Avec cette équipe, la vengeance se consomme sans attendre, et avec furie tant qu’à faire
Sur papier, le projet, lui, ne s’embarrasse pas de subtilité : dépêcher sur l’île de Fernando Poo (dans l’actuelle Guinée équatoriale), une bande de cinq baroudeurs aux spécialités diverses (du tir à l’arc au maniement du couteau en passant par les explosifs et les renseignements). Pour cette équipe de «dingues» tendance Suicide Squad, apparemment les «seuls capables de réussir» le travail, la préparation semble secondaire et l’exécution enthousiaste.
Leur mantra : «sang, meurtre et chaos». Cohérent quand on apprend que chacun a des comptes à régler avec le IIIe Reich et ses soldats nazis. Sous les ordres de Gus March-Phillipps (qui, selon le film librement adapté d’un livre de Damien Lewis, inspira la personnalité de l’espion 007), la troupe, soutenue par deux agents de terrain, va s’en donner à cœur à joie, flinguant sans sourciller et sans la moindre égratignure en retour. Avec elle, la vengeance se consomme sans attendre, et avec furie tant qu’à faire.
The Ministry of Ungentlemanly Warfare (traduit par Le Ministère de la Sale Guerre en français) est un pur défouloir qui, par son sujet et son exécution, ramène à un précédent : Inglourious Basterds de Quentin Tarantino (2009). Mais cette version de Guy Ritchie, malgré les références appuyées (la violence des mercenaires, le grand méchant officier allemand, la jeune femme juive vengeresse) ne tient pas la comparaison, car manquant cruellement de profondeur et d’idées.
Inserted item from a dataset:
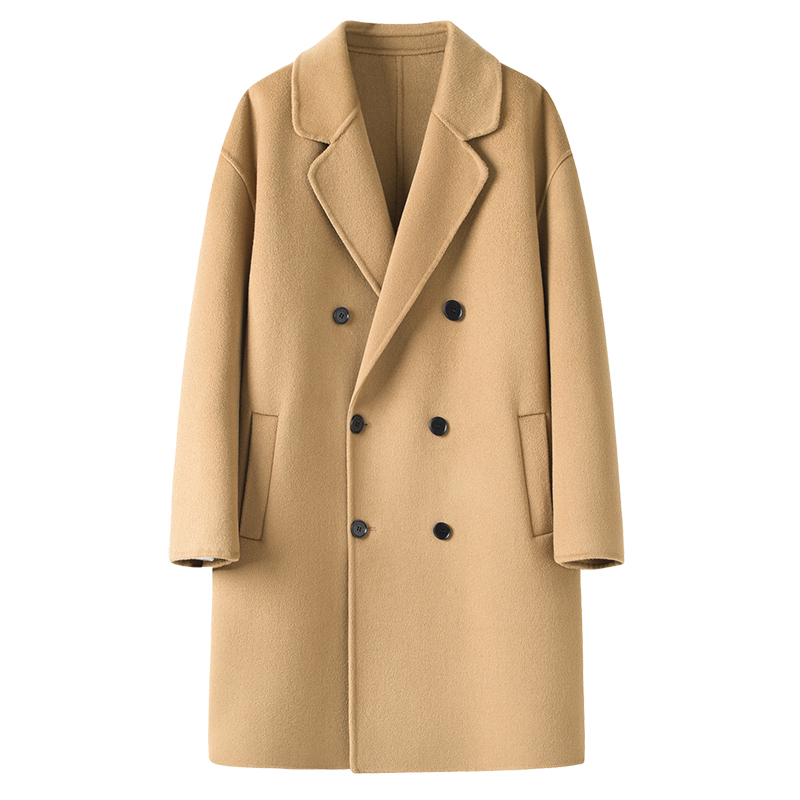 秋冬双面绵羊绒大衣男宽松落肩双排扣羊毛呢子外套反季中长款风衣 - 图3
La seule qui prête à sourire est celle de retrouver l’acteur Til Schweiger du côté des souffre-douleur, alors qu’il y a quinze ans, il était de ceux qui mettaient des coups de couteau à la jugulaire sur une musique funk… Sur deux heures, c’est l’essentiel de ce que propose le film : dézinguer du nazi par parquet de douze à coups de rafales de silencieux (quand ce n’est pas les bombes et grenades qui s’en chargent), ce en quoi excelle, bien sûr, cette brigade de gros bras décontractés et rieurs face à des ennemis plus pathétiques que réellement dangereux. Un déchaînement festif dont les intentions finales sont purement récréatives. C’est peu, mais vu le climat ambiant, ça ne peut pas faire de mal.